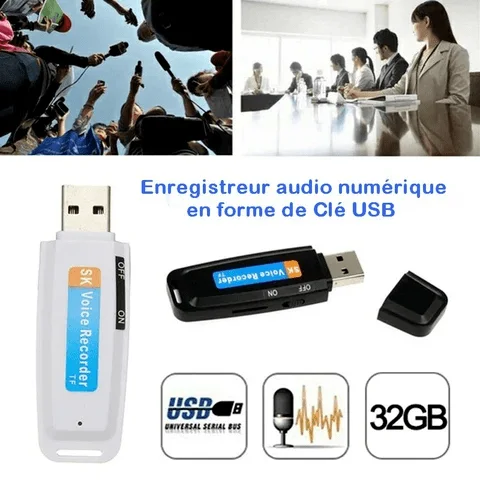 cle usb enregistreur vocal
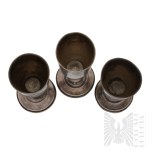 Tsarskoy Russia - Silver (0.875) Three Vodka Glasses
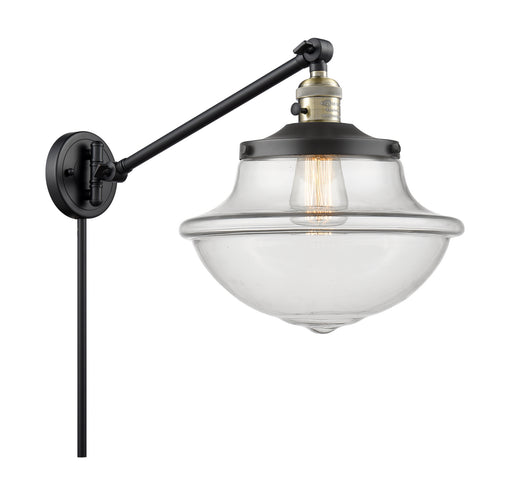 Innovations - 237-BAB-G542 - One Light Swing Arm Lamp - Franklin Restoration - Black Antique Brass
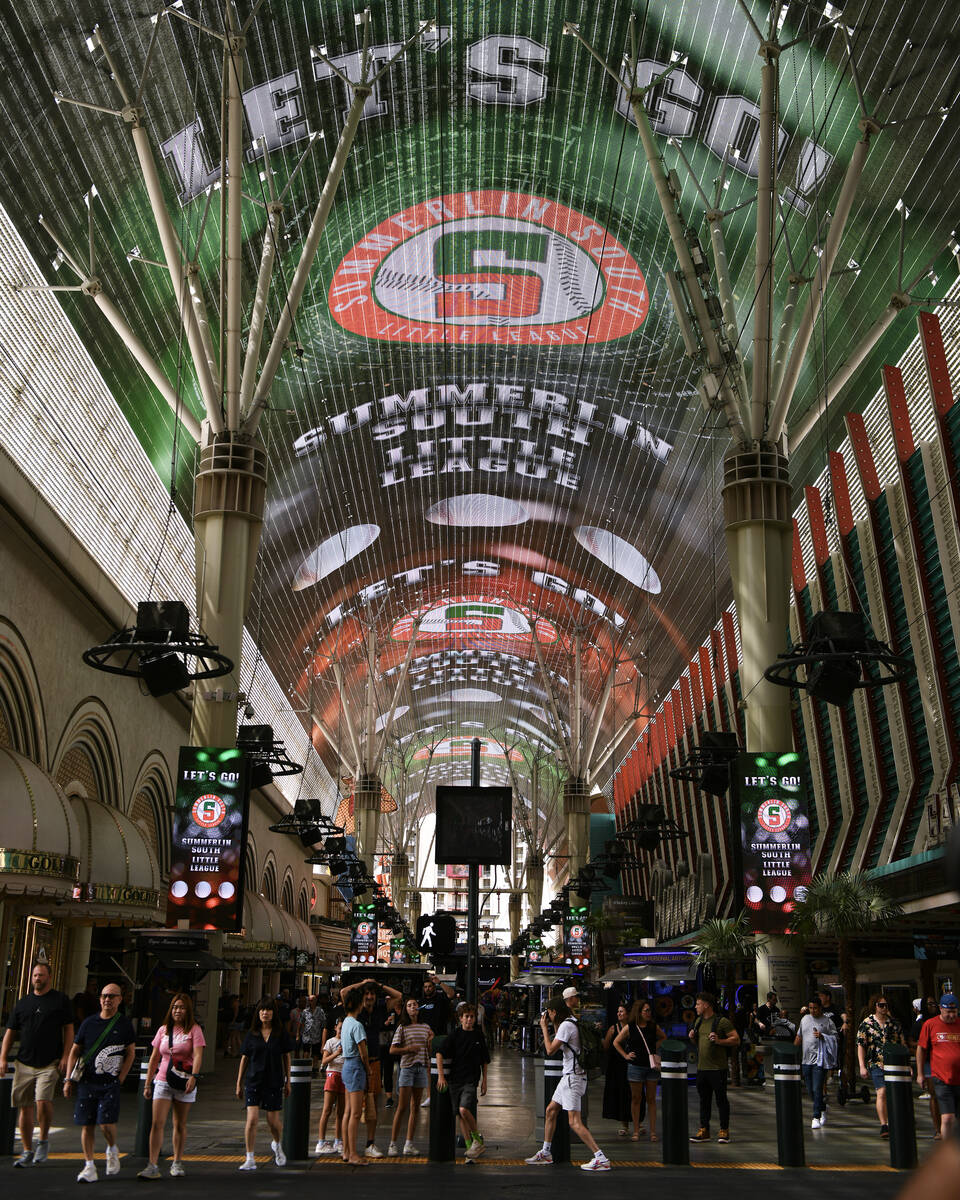 A message supporting Summerlin South’s U.S. title game during the Little League World Se ...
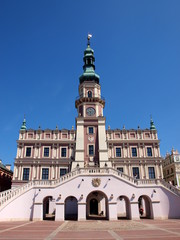 Obraz premium Rathaus in Zamosc - Polen
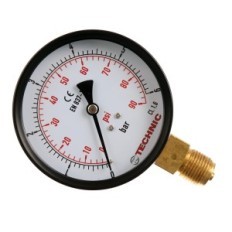 PRESSIONE PNEUMATICA PNEUMATICA IDRAULIKI 1/2 "0-6 BAR 100MM BOND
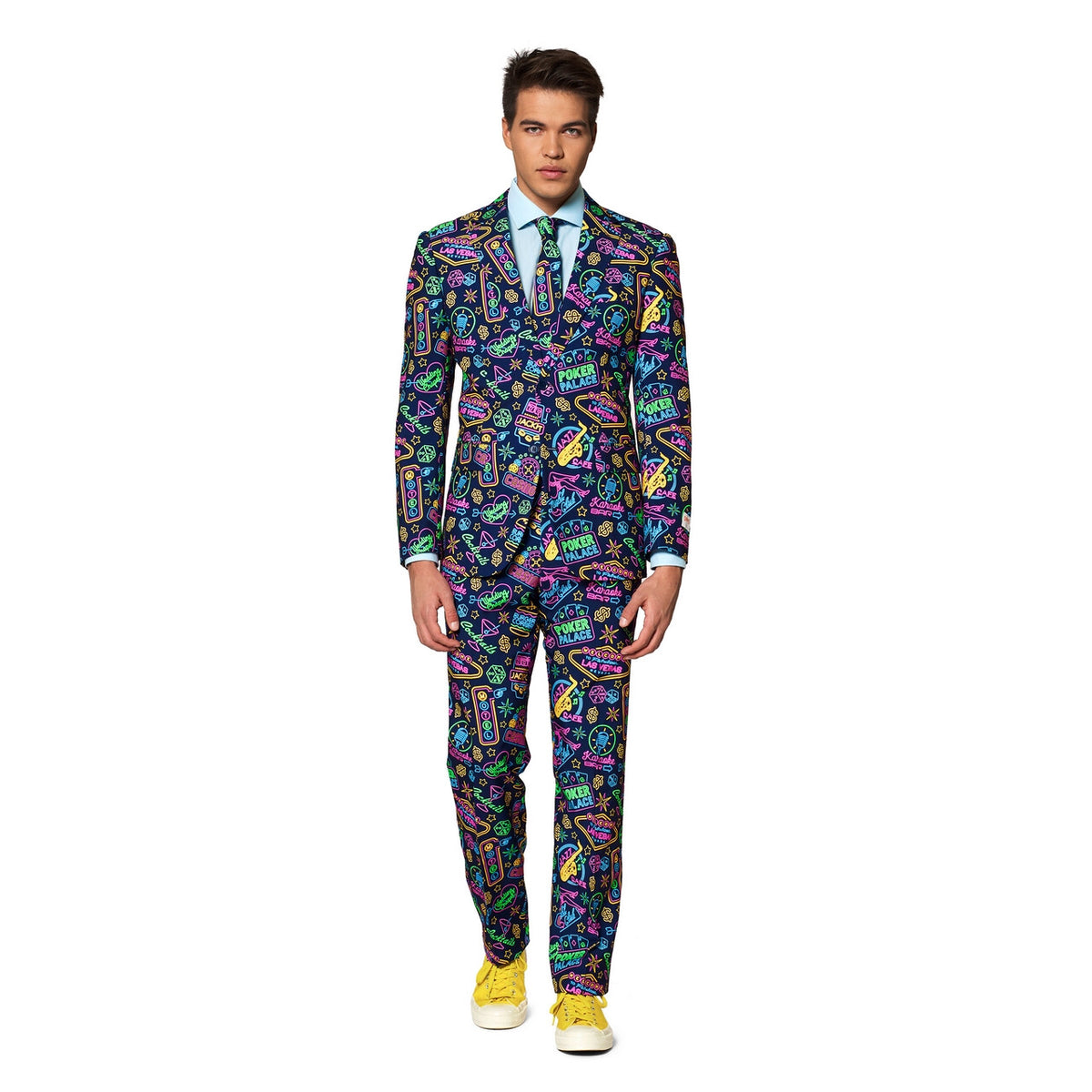 Op deze afbeelding zie je een Kostuums, van het merk Opposuits. Mr. Vegas Casino Man Kostuum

[TASK STATEMENT]: For this exercise, give the listing again exactly as written, with the pictures omitted.

[ANSWER TO THIS EXERCISE]:
 cle usb enregistreur vocal
 Tsarskoy Russia - Silver (0.875) Three Vodka Glasses
 Innovations - 237-BAB-G542 - One Light Swing Arm Lamp - Franklin Restoration - Black Antique Brass
 A message supporting Summerlin South’s U.S. title game during the Little League World Se ...
 Obraz premium Rathaus in Zamosc - Polen
 PRESSIONE PNEUMATICA PNEUMATICA IDRAULIKI 1/2 "0-6 BAR 100MM BOND
 Op deze afbeelding zie je een Kostuums, van het merk Opposuits. Mr. Vegas Casino Man Kostuum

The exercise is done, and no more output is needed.